Extracted records

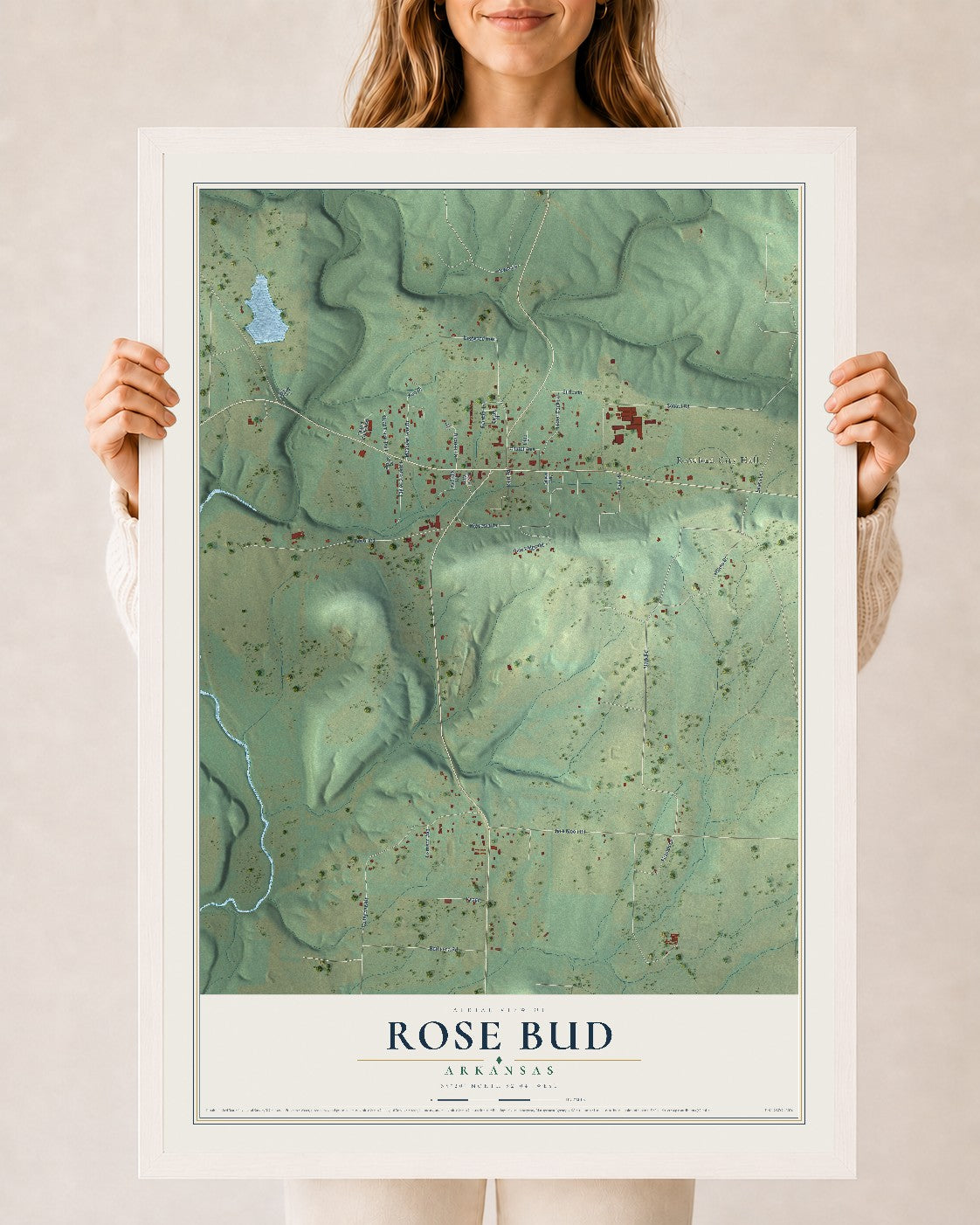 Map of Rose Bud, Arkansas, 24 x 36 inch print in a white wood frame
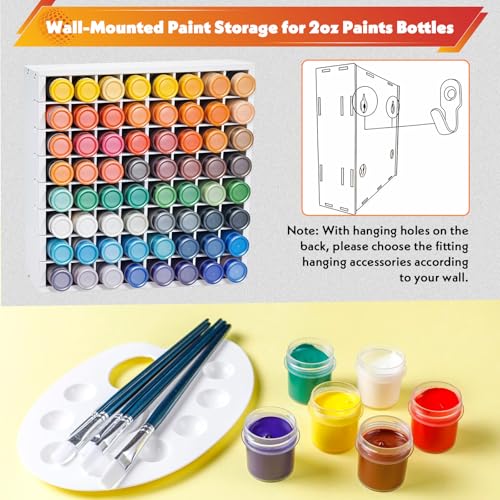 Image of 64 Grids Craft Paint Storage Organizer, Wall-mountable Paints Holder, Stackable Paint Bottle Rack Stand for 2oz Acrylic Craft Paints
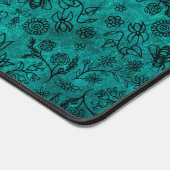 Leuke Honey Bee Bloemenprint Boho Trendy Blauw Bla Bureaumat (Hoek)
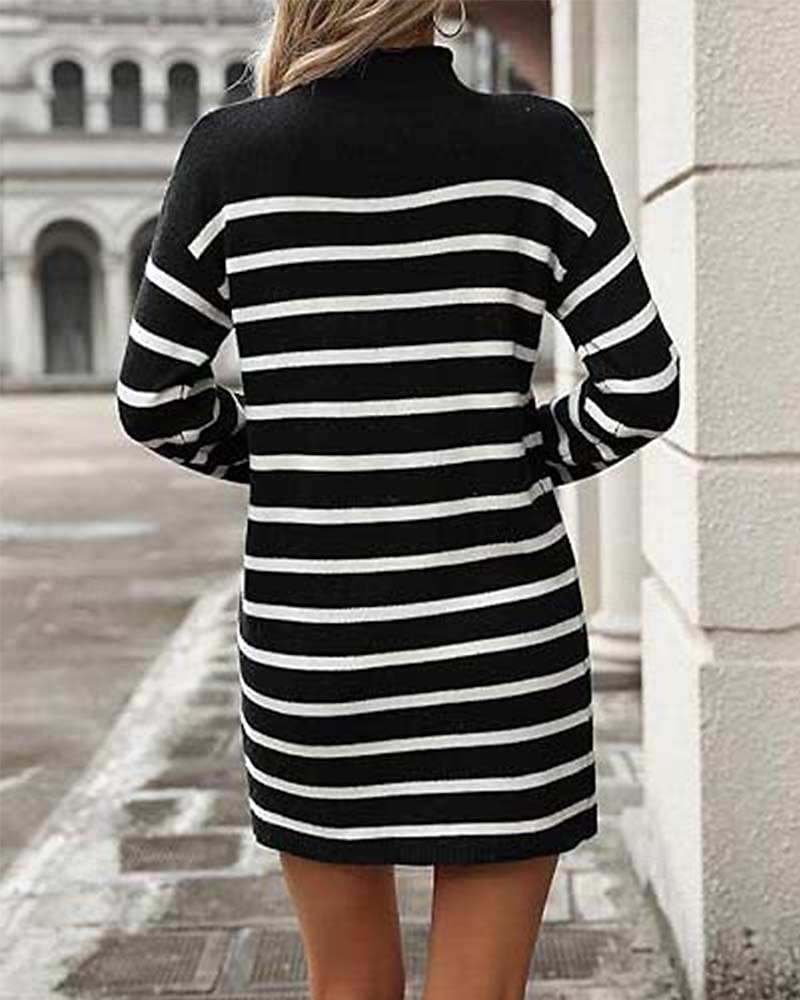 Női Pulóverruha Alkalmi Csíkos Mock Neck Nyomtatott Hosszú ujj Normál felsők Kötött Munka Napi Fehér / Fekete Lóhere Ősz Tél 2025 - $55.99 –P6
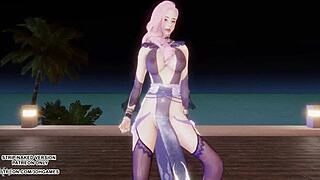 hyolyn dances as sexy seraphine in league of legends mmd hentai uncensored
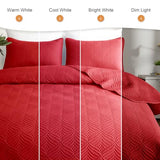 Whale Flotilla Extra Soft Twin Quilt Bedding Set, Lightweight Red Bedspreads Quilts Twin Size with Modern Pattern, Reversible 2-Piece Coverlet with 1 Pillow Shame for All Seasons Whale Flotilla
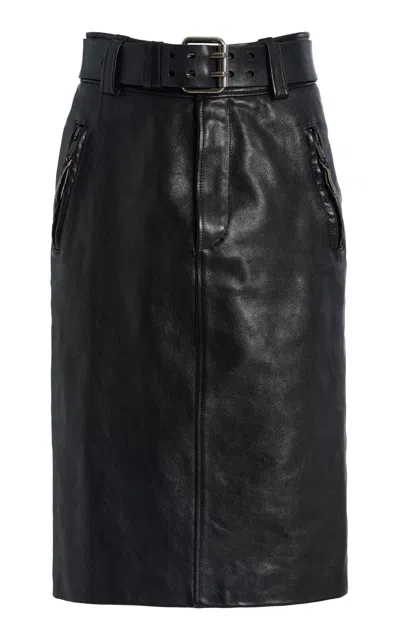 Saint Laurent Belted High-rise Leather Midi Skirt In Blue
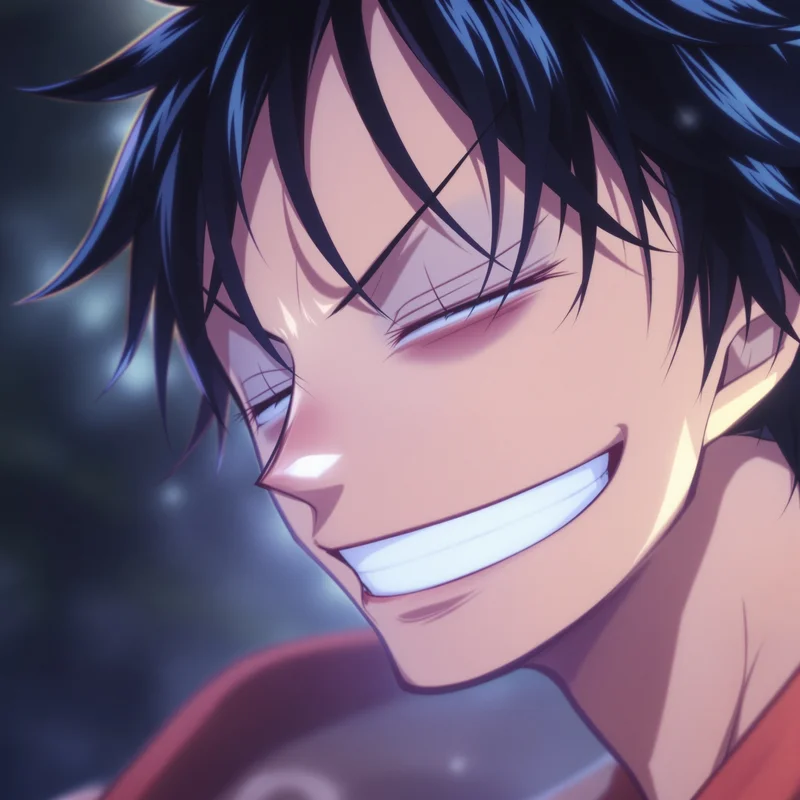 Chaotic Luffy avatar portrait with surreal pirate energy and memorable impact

Work order: Print out every record above exactly as given. Do not include the pictures.

Result below:
 Map of Rose Bud, Arkansas, 24 x 36 inch print in a white wood frame
 Image of 64 Grids Craft Paint Storage Organizer, Wall-mountable Paints Holder, Stackable Paint Bottle Rack Stand for 2oz Acrylic Craft Paints
 Leuke Honey Bee Bloemenprint Boho Trendy Blauw Bla Bureaumat (Hoek)
 Női Pulóverruha Alkalmi Csíkos Mock Neck Nyomtatott Hosszú ujj Normál felsők Kötött Munka Napi Fehér / Fekete Lóhere Ősz Tél 2025 - $55.99 –P6
 hyolyn dances as sexy seraphine in league of legends mmd hentai uncensored
 Whale Flotilla Extra Soft Twin Quilt Bedding Set, Lightweight Red Bedspreads Quilts Twin Size with Modern Pattern, Reversible 2-Piece Coverlet with 1 Pillow Shame for All Seasons Whale Flotilla
 Saint Laurent Belted High-rise Leather Midi Skirt In Blue
 Chaotic Luffy avatar portrait with surreal pirate energy and memorable impact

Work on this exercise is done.